## YOUR GOAL
Keep the pictures out. Write out every line of the listing exactly.

INFORMATION SUPPLIED: Begin

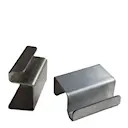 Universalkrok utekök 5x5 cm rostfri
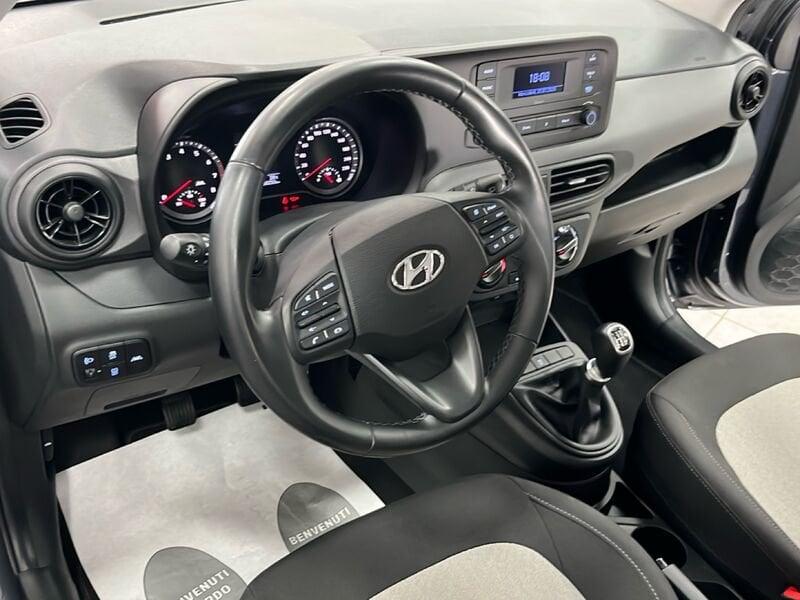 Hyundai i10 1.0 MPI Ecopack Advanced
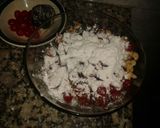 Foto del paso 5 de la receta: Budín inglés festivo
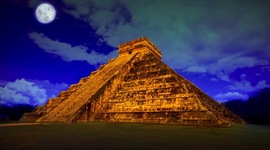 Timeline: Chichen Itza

INFORMATION SUPPLIED: End

## REPLY
 Universalkrok utekök 5x5 cm rostfri
 Hyundai i10 1.0 MPI Ecopack Advanced
 Foto del paso 5 de la receta: Budín inglés festivo
 Timeline: Chichen Itza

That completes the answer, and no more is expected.